For

>>> from numpy import seterr, sum, nan, inf
>>> seterr(invalid='print')
{'divide': 'warn', 'over': 'warn', 'under': 'ignore', 'invalid': 'warn'}
>>> sum([inf, inf])
inf
>>> sum([nan, inf])
nan
>>> sum([-inf, inf])
Warning: invalid value encountered in reduce
nan
>>> sum([nan, -inf, inf])
nan
>>> sum([nan, inf, -inf])
nan
>>> sum([-inf, inf])
Warning: invalid value encountered in reduce
nan

@rkern explained in #25532:

My language was a little loose. Our system relies on catching the floating point exception (n.b. not a Python exception) that is raised by the FPU and storing a flag to handle as the user configured via seterr/errstate once the ufunc is done with the whole array.

NaNs come in two flavors, quiet QNaNs and signaling SNaNs. When an operation on two non-NaN values results in a NaN, the “invalid result” floating point exception is sent and a QNaN gets returned. When a QNaN operates with a non-NaN value, the result is another QNaN but no new floating point exception is sent. When an SNaN operates with a non-NaN value, the result is a NaN (of some flavor; SNaNs are rarely used, so I’m not going to look up what the standard says should happen) and a floating point exception is sent. The behavior you are seeing is consistent with this understanding of when floating point exceptions are issued.
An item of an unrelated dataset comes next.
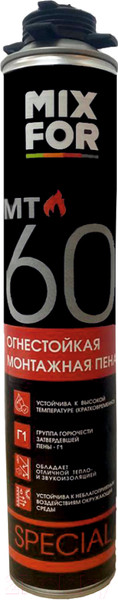 Изображение товара Пена монтажная Mixfor МТ-60 (750мл)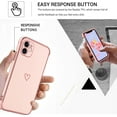 thumbnail image 5 of for iPhone 11 Case, iPhone 11 Phone Case, Cute Heart Pattern Slim Fit Soft Flexible Shockproof TPU Bumper Non-Slip Protective Women Girls Men Boys Case Cover for iPhone 11 6.1", Pink., 5 of 8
When I said “All we get is the notification that something in the ufunc’s calculation created a NaN, somewhere”, I meant in the usual non-NaN+non-NaN case. The QNaN+non-NaN case is an interesting side case. I didn’t intend for my sentence to be exhaustive. There are some more side cases that I won’t enumerate here (e.g. some operations on NaNs won’t give NaNs, etc.).